◆ **Exercise directions**: Without any of their pictures, return all of the records exactly.

##### Records for processing

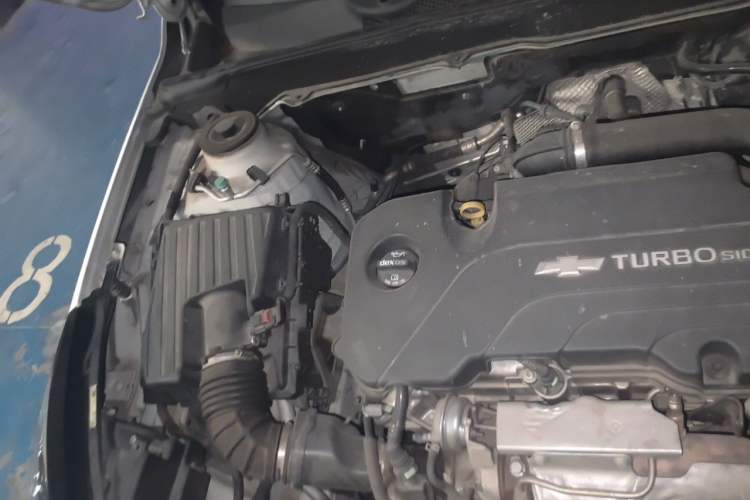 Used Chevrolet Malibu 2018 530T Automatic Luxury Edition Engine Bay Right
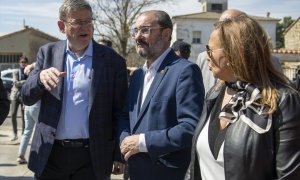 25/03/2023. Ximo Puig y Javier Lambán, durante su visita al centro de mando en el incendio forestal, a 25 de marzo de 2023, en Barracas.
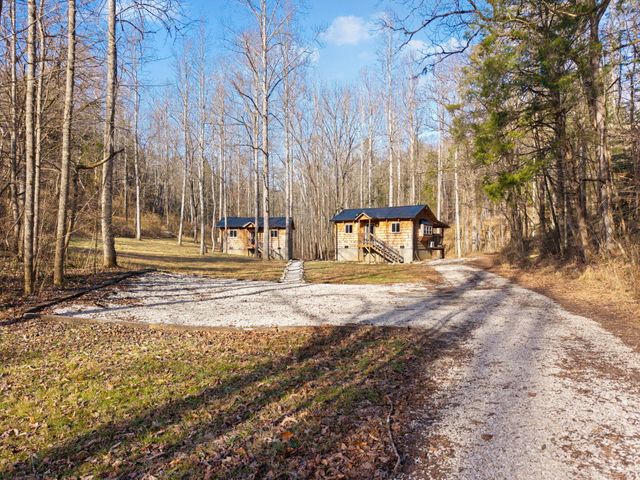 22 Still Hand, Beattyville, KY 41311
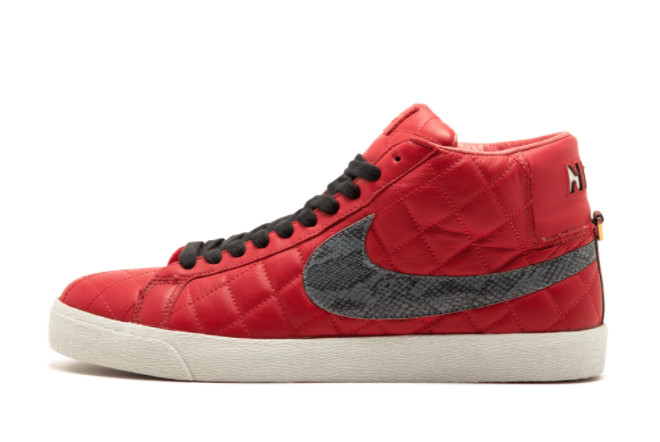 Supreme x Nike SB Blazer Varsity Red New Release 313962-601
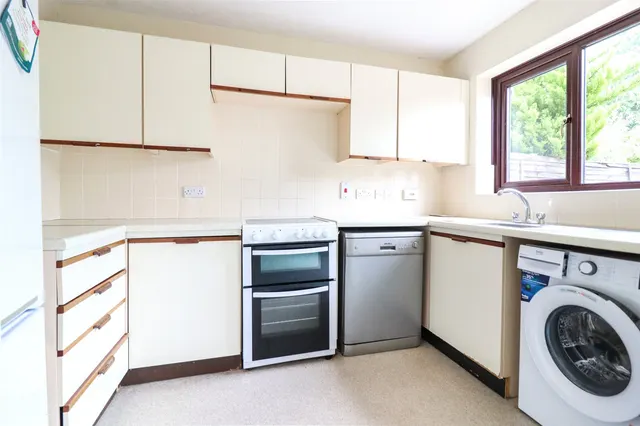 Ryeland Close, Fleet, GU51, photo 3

##########

◆ **Output below**:
 Used Chevrolet Malibu 2018 530T Automatic Luxury Edition Engine Bay Right
 25/03/2023. Ximo Puig y Javier Lambán, durante su visita al centro de mando en el incendio forestal, a 25 de marzo de 2023, en Barracas.
 22 Still Hand, Beattyville, KY 41311
 Supreme x Nike SB Blazer Varsity Red New Release 313962-601
 Ryeland Close, Fleet, GU51, photo 3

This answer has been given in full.